Anyway, I would just take it off the heat, cover it and leave it be until it no longer zaps. Once it's zap-free, go ahead and dilute it. At least that's what I would do. 



Edited to add- we were posting over each other. lol Flying bubbles- WooHoo! 

IrishLass


----------



## JayJay (Jan 24, 2016)

Hey! Thank you for the speedy reply.  Looks like you were responding while I was busy reheating my pudding! Soaping has taught me patience but I still have a long way to go before I'm completely mature.

If I ever get pudding again, I will just cover it and wait.

It's funny that you called it pudding because my husband just said that he almost wanted to dip his finger into the pot because it looked like tasty pudding. He fully knew that it was soap! Lol.  He said that we must keep kids away whenever I am making this stuff because they wouldn't be able to resist it.  

Anyway, I think that I am back on track now. I stopped stirring and now it looks like one of the pics in your tutorial. I will cover it up and wait to test it. 

Thanks for your help.


----------



## DeeAnna (Jan 24, 2016)

My own personal opinion -- When I get my batter to a stable emulsion (and yours definitely is) I cover it, walk away, and let it do its thing.
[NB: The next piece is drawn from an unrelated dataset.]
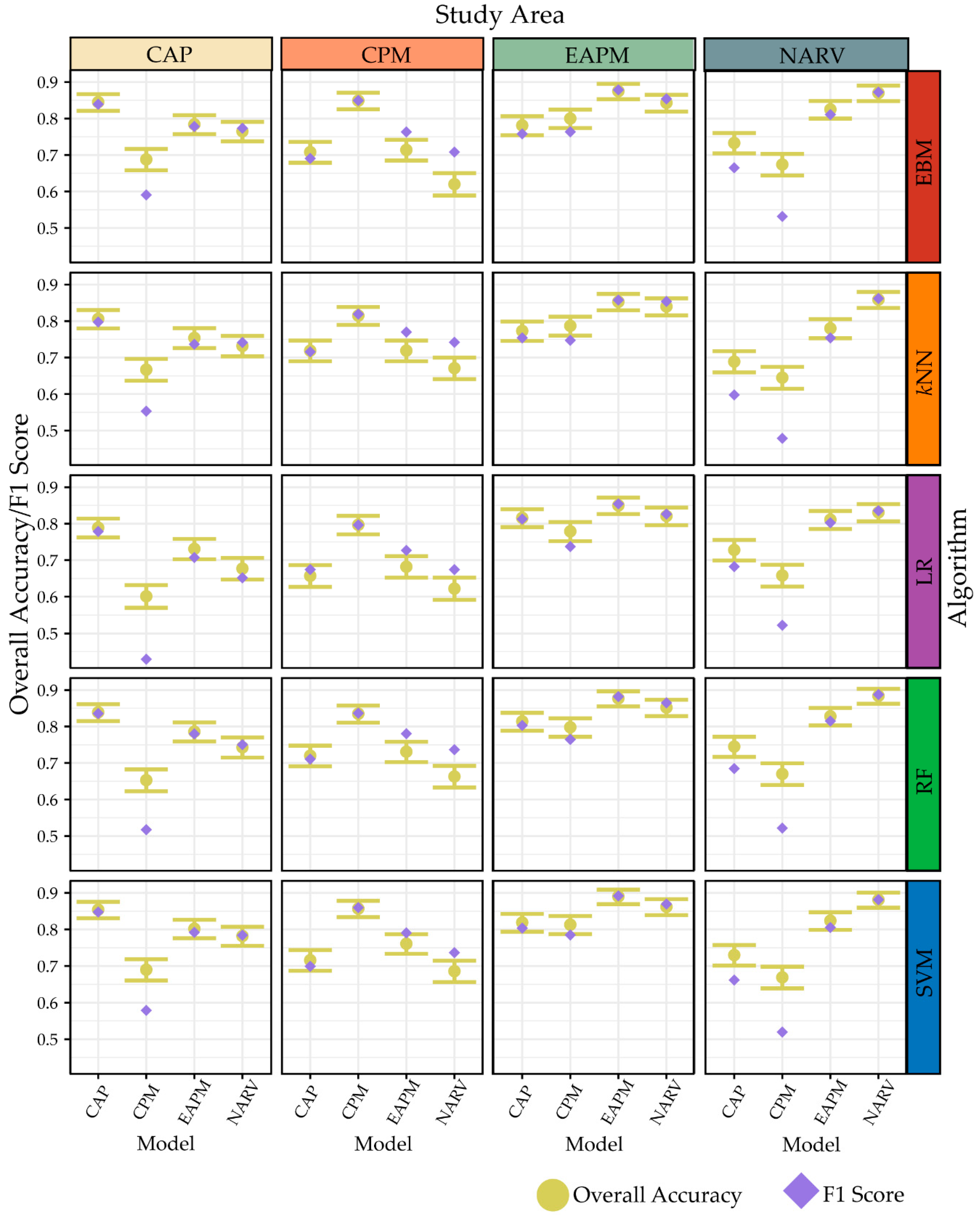 Remotesensing 13 04991 g008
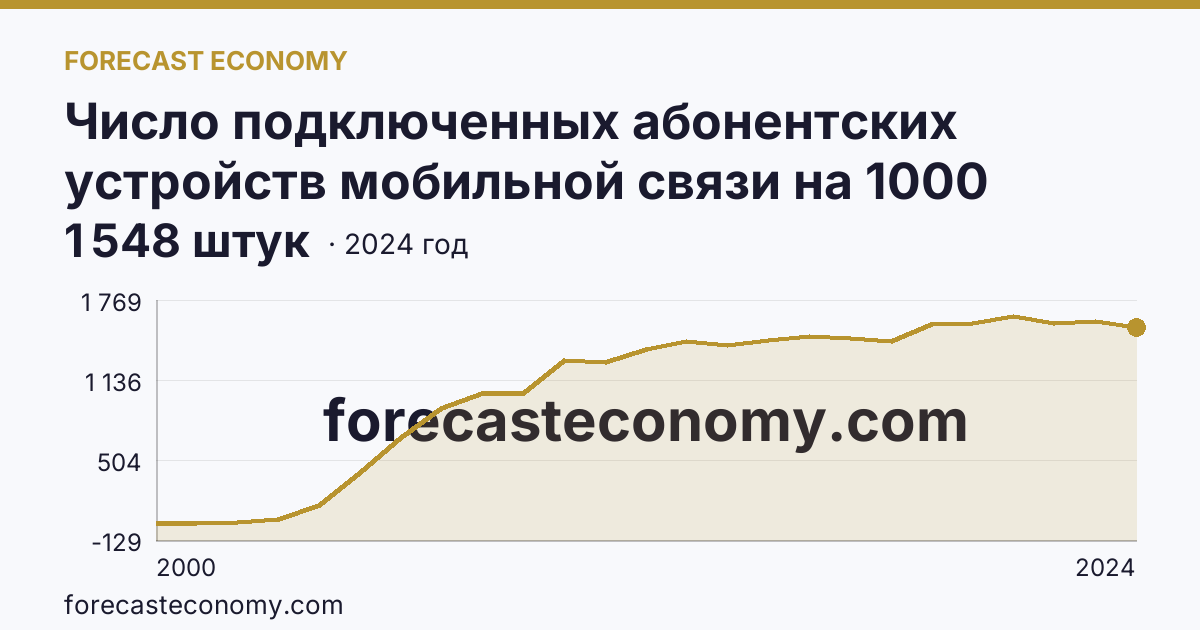 Число подключенных абонентских устройств мобильной связи на 1000 человек населения — Забайкальский край: график динамики 2000–2024, последнее значение 1 548 штук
There's no need to mix for hours 'n hours, and it's not strictly necessary for the soap to gel even though I know liquid soap paste often does gel and many liquid soapers look for gel as a sign of a successful soap.

You're not seeing the batter turn into a translucent paste because it's still not hot enough. At this point in the game, I'd say you'll have to heat the batter even warmer, if you feel the need to force the soap into a vaseline-y gel. I wouldn't worry about it, but my way is not the only way to deal with this issue and still get a nice soap in the end.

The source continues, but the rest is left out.